* [DIRECTIONS] Reproduce the listing that follows word for word, without its pictures.

=== DATASET EXCERPT ===

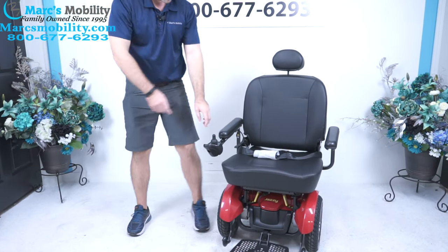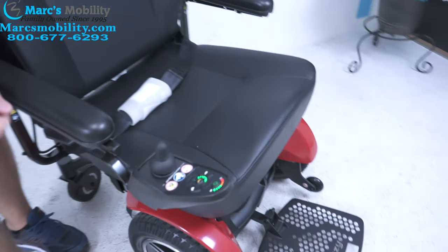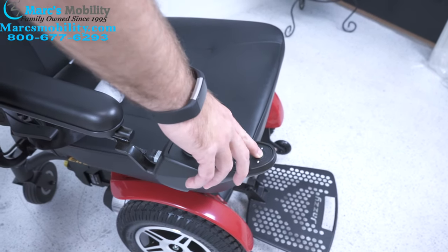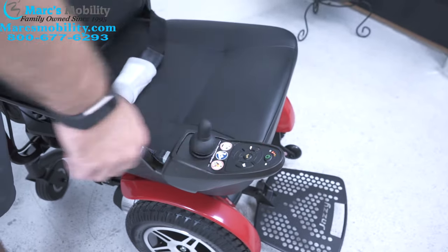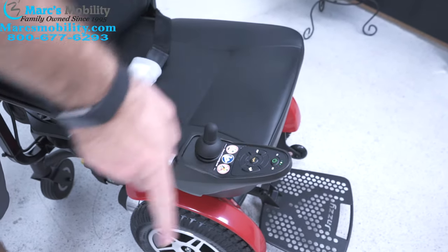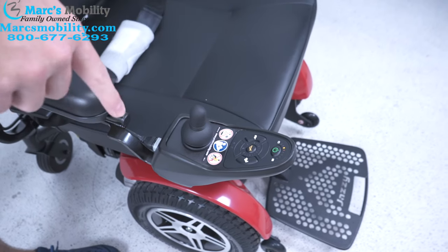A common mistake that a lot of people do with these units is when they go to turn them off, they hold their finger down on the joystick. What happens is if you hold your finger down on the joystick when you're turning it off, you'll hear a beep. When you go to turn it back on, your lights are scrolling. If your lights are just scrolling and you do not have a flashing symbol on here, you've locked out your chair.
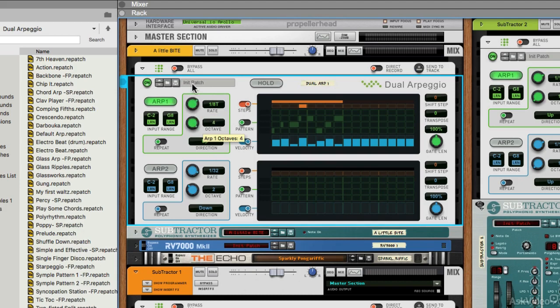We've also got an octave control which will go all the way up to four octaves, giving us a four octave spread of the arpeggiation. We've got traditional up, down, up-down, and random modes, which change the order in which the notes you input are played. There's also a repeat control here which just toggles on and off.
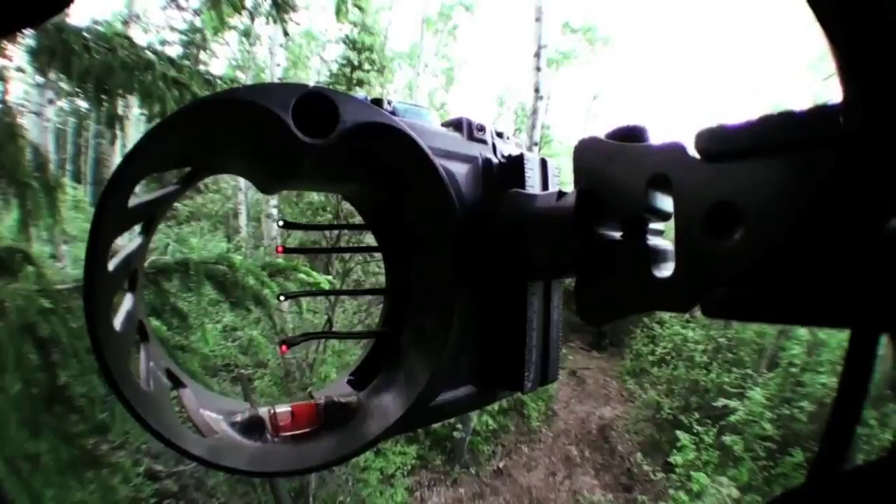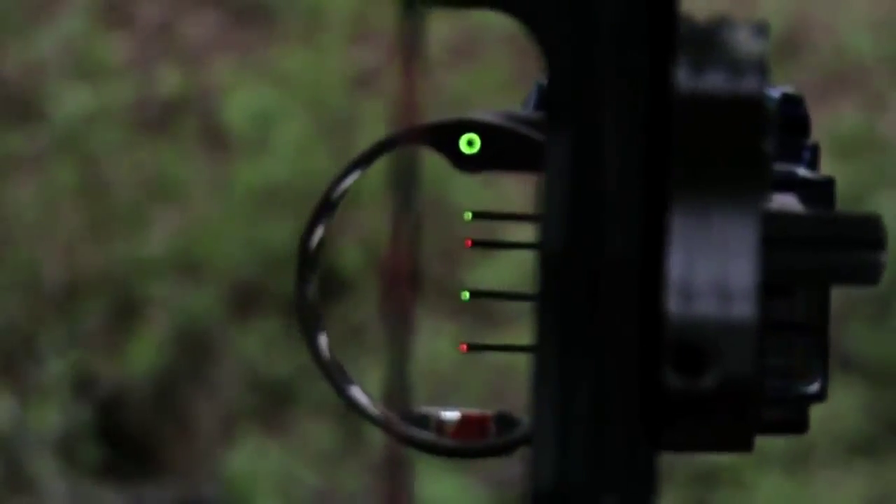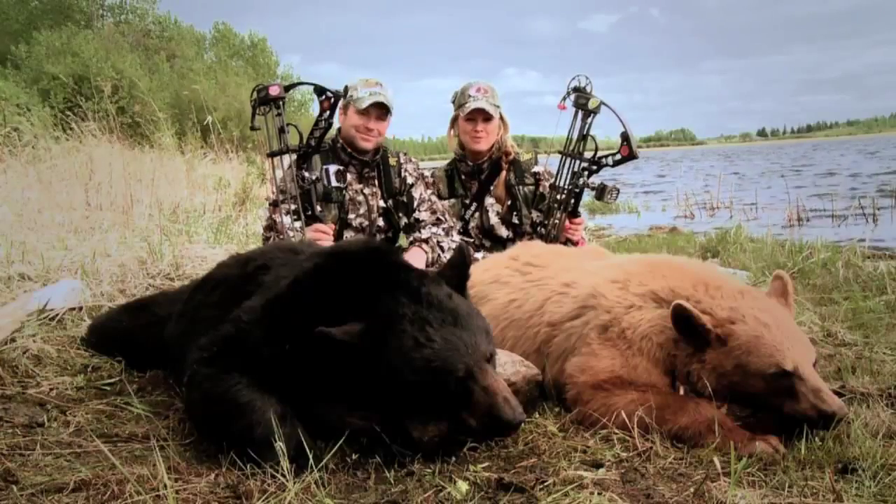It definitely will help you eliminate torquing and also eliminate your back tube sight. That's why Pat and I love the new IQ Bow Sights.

===

* [RESULT]
A common mistake that a lot of people do with these units is when they go to turn them off, they hold their finger down on the joystick. What happens is if you hold your finger down on the joystick when you're turning it off, you'll hear a beep. When you go to turn it back on, your lights are scrolling. If your lights are just scrolling and you do not have a flashing symbol on here, you've locked out your chair.
We've also got an octave control which will go all the way up to four octaves, giving us a four octave spread of the arpeggiation. We've got traditional up, down, up-down, and random modes, which change the order in which the notes you input are played. There's also a repeat control here which just toggles on and off.
It definitely will help you eliminate torquing and also eliminate your back tube sight. That's why Pat and I love the new IQ Bow Sights.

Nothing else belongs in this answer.